Progress has some advantages

Barley was still strictly rationed and production did not begin to reach anything like its pre War levels until about 1948. Many old faces had returned to the distillery after demobilisation while older hands like John Bett, who had come out of retirement to help out during the war, were replaced by younger men. George Ross, now well past retirement age, refused to go and remained in the cooperage side of the operation until his death in 1958. Alice was employed as cleaner at the distillery so that she could live in her father’s cottage and always be on hand.

But it was a new world in which George found himself, for once restrictions on production were lifted the quiet old days at Glenmorangie did not return. Instead, the distillery was geared up to almost full production, fuelled by increasing demand at home as well as abroad, although rationing of whisky was not to be finally lifted until 1959. To help Gordon Smart in these changed days a bright young assistant manager was appointed, Ian McGregor arriving in 1947 on a temporary basis - he ended up staying for forty-three and half years!

The pace of development became increasingly rapid as the distillery adapted and expanded production to meet the demand for whisky. While traditional standards and techniques were maintained as much as possible, capacity was steadily increased. By 1954 the average weekly consumption of malt had risen to 1080 bushels, the level previously attained in the heady days immediately after the First World War, and two years later broke the 1200 bushel barrier, half as much again as had been used in the mash in George’s early days.

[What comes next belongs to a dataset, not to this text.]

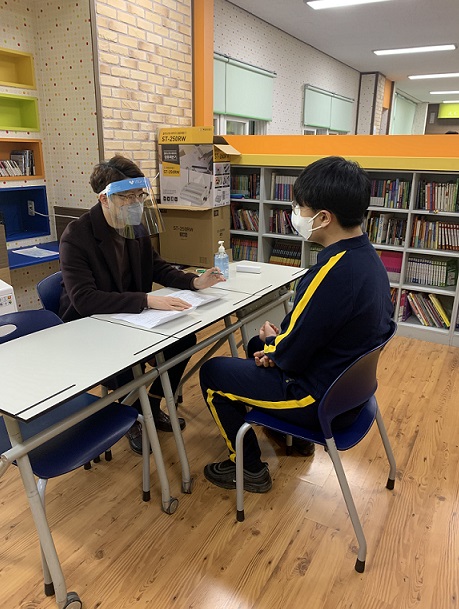 진주교육지원청, 찾아가는 백신접종 학교 현장 격려 - 관련이미지2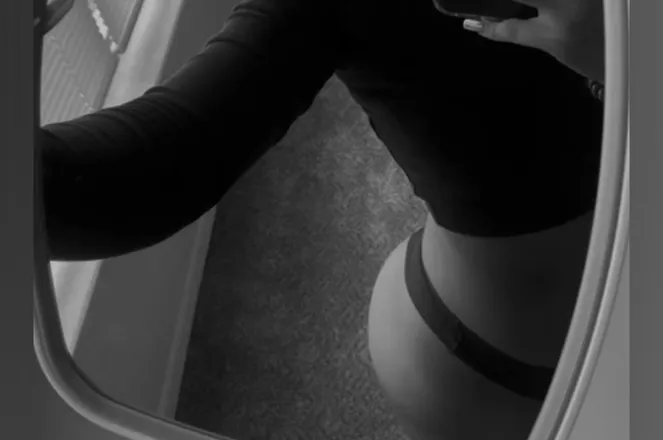 OnlyFans account  crisitz header 2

The peak of capacity was finally reached in the late 1960s, when nearly 1400 bushels of malt were being used each week to produce well over 3000 gallons of chargeable spirits to outstrip the available supplies and indeed the Company was forced to introduce stock rationing throughout the 1960s and 1970s. The first step towards solving this problem came on 1980, when the number of stills was doubled to four. This expansion took place against a backdrop of crisis in the Scotch Whisky industry, which saw many other distilleries closing or going onto reduced production, but such was Glenmorangie’s hold on its market that output continued undiminished, indeed, expanded rapidly once the new stills had been installed. Even that was insufficient to meet the high demand for Glenmorangie - which was now being sold as a single malt instead of being used in blending - and in 1990 the number of stills was increased again.

The huge increases in malt consumption occasioned by the expansion programme put an increasing strain on the maltbarn staff. By the 1980 the men could no longer realistically produce the quantities needed to maintain the high levels of whisky output which the success of Glenmorangie demanded and the decision was made to stop malting at Tain.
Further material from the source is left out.